Aixtron auf Wachstumskurs trotz herausforderndem Marktumfeld
Der renommierte Ausrüster der Halbleiterindustrie, Aixtron, zeigt sich nach dem ersten Quartal in solider Verfassung und fest entschlossen, seine Jahresziele zu erreichen. Ein ermutigendes Wachstum des Auftragseingangs trägt maßgeblich zur positiven Geschäftsentwicklung bei. Laut jüngster Mitteilung sieht sich das im MDax gelistete Unternehmen nur geringfügigen Risiken durch die US-Zollpolitik ausgesetzt, da die aktuellen Regelungen auf die betreffende Halbleiterausrüstung nicht zutreffen. Diese positiven Aussichten ließen die Aixtron-Aktien im morgendlichen Handel um nahezu zehn Prozent steigen.

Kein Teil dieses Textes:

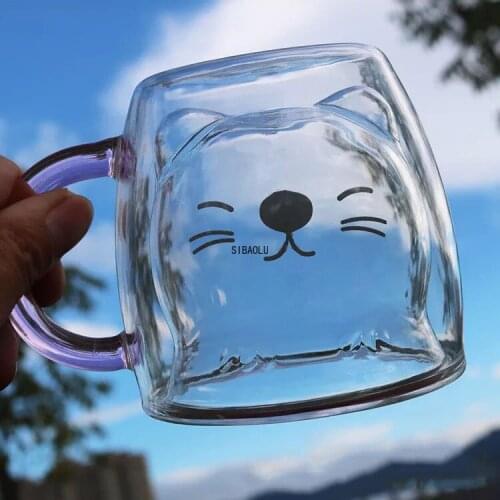 Glass Mugs Double Wall Glass Mug, Bear Cat Dog Animal Double-layer Glass Mug Coffee Cup, Coffee Mug Glass Mug Shot Glass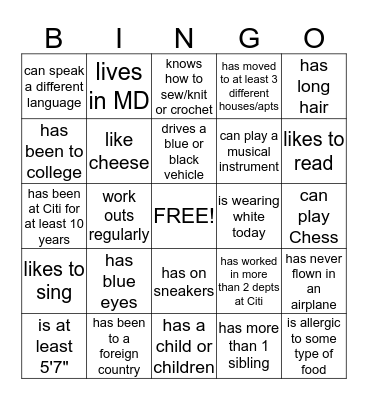 Getting to know you.... Bingo Card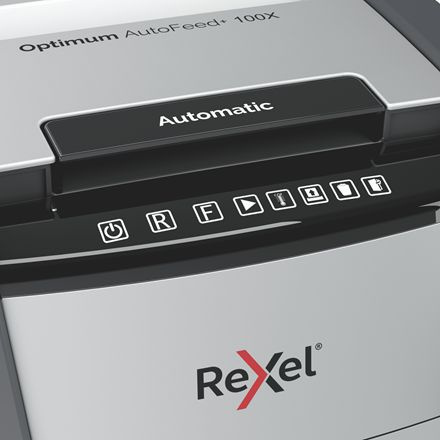 Шредер Rexel Optimum AutoFeed 100X черный с автоподачей (секр.P-4) фрагменты 100лист. 34лтр. скрепки скобы пл.карты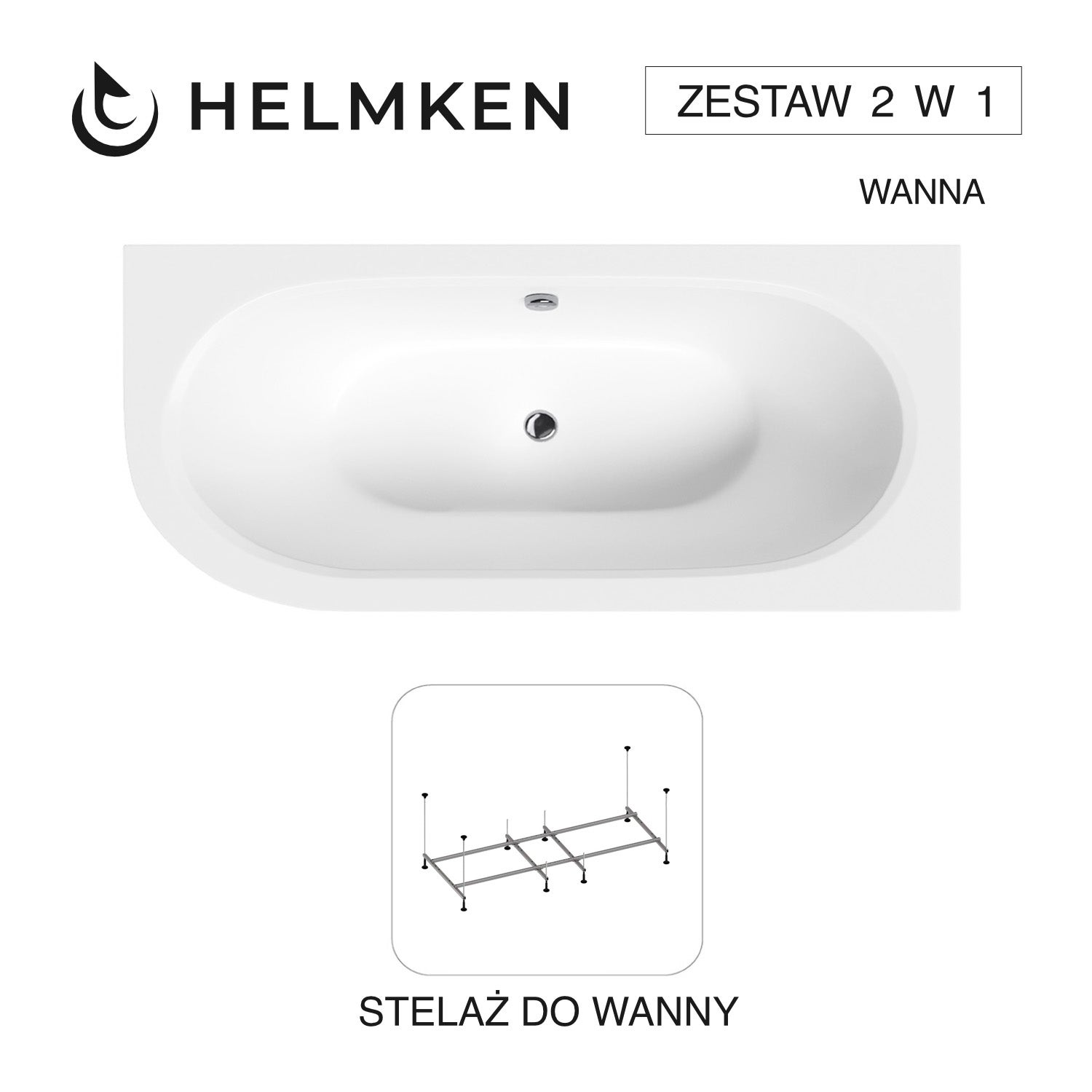 Wanna akrylowa Helmken Marbella Lux 160 x 75 Prawa + Stelaż do wanien Helmken 21210028 / 23092003-2S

Jedoch bleibt der langfristige Ausblick gemischt. Ein Kurshoch von Ende 2023 scheint in weiter Ferne, während für 2025 ein Rückgang von fast 20 Prozent prognostiziert wird. Nach einem anfänglichen Aufschwung folgte 2024 eine Normalisierung und leichte Eintrübung des Geschäfts. Aixtron-Chef Felix Grawert antizipiert für das Jahr 2025 einen Umsatzrückgang auf 530 bis 600 Millionen Euro, nach einem leichten Wachstum auf über 633 Millionen Euro im Vorjahr. Für das zweite Quartal rechnet Grawert mit Erlösen zwischen 120 und 140 Millionen Euro.
Ein Analyst hob den starken Auftragseingang und den optimistischen Ausblick für das zweite Quartal hervor. Doch trüben Sonderaufwendungen für den Personalabbau die Gewinnmarge. Vor Aufwendungen beläuft sich die Gewinnmarge vor Zinsen und Steuern (Ebit) auf ein Jahresziel von 18 bis 22 Prozent, beeinträchtigt durch rund 5 Millionen Euro Kosten für den Personalabbau.
Im ersten Quartal sanken sowohl der Gewinn vor Zinsen und Steuern um zwei Drittel auf 3,3 Millionen Euro, als auch der Überschuss um die Hälfte auf 5,1 Millionen Euro. Der Umsatz fiel um 5 Prozent auf 112,5 Millionen Euro, übertraf jedoch die Erwartungen. Hingegen blieb das operative Ergebnis hinter den Vorhersagen zurück, wobei unklar ist, inwieweit der Personalabbau bereits einkalkuliert war.
Die steigende Nachfrage nach Anlagen zur Produktion von Bauelementen für Leistungselektronik, vor allem bei asiatischen Kunden, führte zu einem zehnprozentigen Anstieg des Auftragseingangs auf über 132 Millionen Euro. Aixtron setzt hier auf Galliumnitrid- (GaN) und Siliziumkarbid-Produkte (SiC). Die Inbetriebnahme eines neuen Innovationszentrums ermöglicht es dem Unternehmen, 300-Millimeter-GaN-Wafer selbst zu verarbeiten, was den Kundenservice weiter verbessert.
Während GaN-Halbleiter in Netzteilen und Rechenzentren zum Einsatz kommen, zeigt sich die Gepflogenheit der Elektronikhersteller, Investitionen zurückhaltender zu tätigen. Dies begründet sich unter anderem durch das verlangsamte Wachstum in der Elektromobilität, die die Nachfrage nach effizienten SiC-Chips für die Schnellladetechnik von Elektroautos beeinflusst.